Before the pandemic, young professionals flocked to the cities that gave them the most career opportunities. Investment bankers eyed opportunities in New York City, while engineers looked west to Silicon Valley. For many professionals, being in a certain region was an explicit requirement for a successful career.

COVID-19 shattered that illusion when employees were sent home, tasked with working in shared spaces with spouses and pets. For parents, this also meant juggling work, childcare, and school. Suddenly, a world in which employees needed to commute to the office, clock in by 8 a.m., and work for eight or nine hours straight didn’t make much sense.

And maybe it never did.

Rather than just a second choice or backup plan, I see the virtual workforce as an opportunity to empower employees to pursue their passions, take advantage of professional opportunities, and spend more time with family. For companies, embracing the virtual workforce might be the best pathway to building and fostering a truly diverse team.

When I joined Quantum Metric as CMO in 2019, the company had already embraced a hybrid work policy. Working from home — and working from anywhere — was the default. We had satellite offices, but it was never a requirement to work in person. I’m able to lead my team from my home office in San Diego. This has completely changed my ability to balance who I am as an executive, as a mom, and as an individual who wants to pursue a life-work balance.

Offering Career Growth Opportunities

As more and more people become vaccinated, some companies feel pressured to return to “business as usual,” with the majority of employees coming into the office for a set amount of time each day. This is the wrong approach.

If the pandemic has taught us anything, it’s that major business decisions can be made over Zoom, from raising venture funds to going public. Even if companies want to retain part of the in-person experience at the office, they should only require one or two days in the office per week as an opportunity for teams to touch base.

Before the pandemic, some people, especially young parents, were hesitant to jump into roles that required significant amounts of travel. Others wouldn’t even consider positions that required long commutes of one to two hours. That has all changed. Now, we have the opportunity to seek out the job we want without sacrificing the life we’ve built at home.

Fostering Diversity

Embracing diversity doesn’t just mean creating more opportunities to hire people from different backgrounds. It also means understanding that employees think and work differently. Some employees are most productive when they wake up early. Others work better in the evening. My college-age son, for instance, does his best work in the evenings, while my daughter studies best at 5 a.m. These habits remain as people enter the workforce.

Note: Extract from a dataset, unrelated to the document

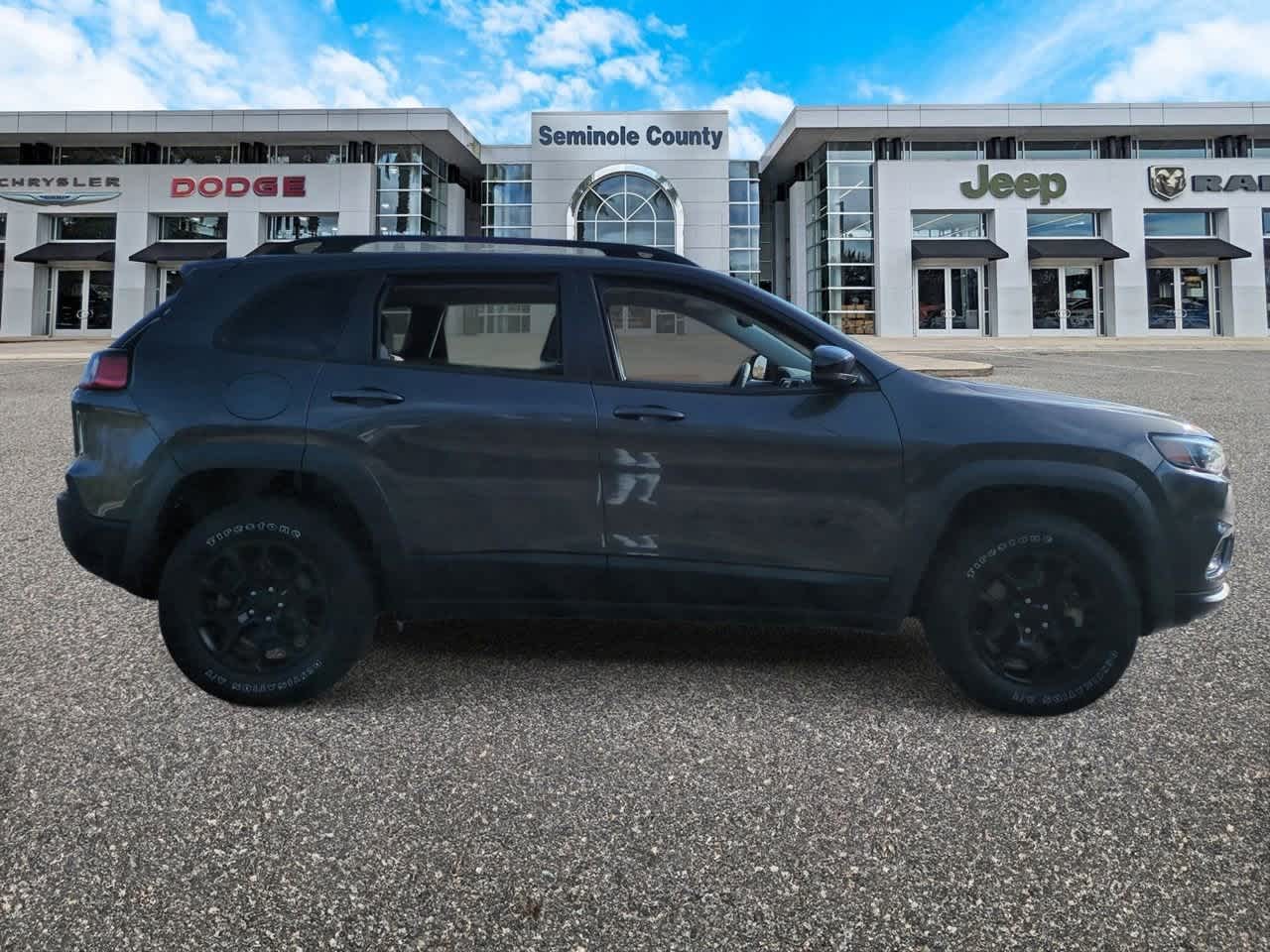 Thumbnail: 2022 Jeep Cherokee - 9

In today’s world, it might make sense to have a few hours in the middle of the day where all employees need to be logged on for meetings, to foster employee collaboration. Otherwise, companies should be empowering their team members to work at times that best suit their needs. Why was it ever decided that one person determines the hours where others will be most productive?

As leaders, it is our responsibility to think differently. The key here is to empower your employees to ask for the work environment they want (whether that is hybrid or fully virtual) and arm them with the tools to continue to succeed in the work environment they prefer. This includes hybrid work environments but also an understanding that there is no one-size-fits-all model for returning to the office.

Embracing A New Type Of Work-Life Balance

Don’t get me wrong: I love face-to-face meetings and getting to know people in real life. But, I actually feel much closer to my colleagues and customers than I did before. On video calls, I see colleagues’ kids, their houses, their dining rooms, their dogs and their backyards. It feels acceptable — even encouraged — to ask about family and life outside of work.

Some parents have even used remote work as an opportunity to get their children more involved in their work lives. In the early days of the pandemic, I was part of a roundtable with Rick Pitino, a retired college basketball coach, as a guest speaker. One of the executives asked if she could bring her 16-year-old son to the session since he played basketball competitively. In our debriefing session, her son offered his unique perspective, which gave more context to the earlier conversation.

This is how we evolve to the next stage of company culture, collaboration, and innovation. How we once again learn to connect and challenge ourselves to rethink the status quo. We’ve entered an era unofficially dubbed “the great recognition,” an opportunity to reflect on where we’ve been and how we can do better in the future. For leaders and employers, it's an opportunity to reexamine their company culture to attract top talent in 2022 and beyond.

To be a great employer requires fostering a supportive work environment that offers employees with flexible work schedules. This is how you build a team that is not just productive, but more motivated to accomplish their work and pursue their passions.

Efrat Ravid is the Chief Marketing Officer for Quantum Metric, which helps customers build better digital products faster with a platform for Continuous Product Design (CPD). Efrat is passionate about partnering directly with customers to improve not only the product but also the entire user journey.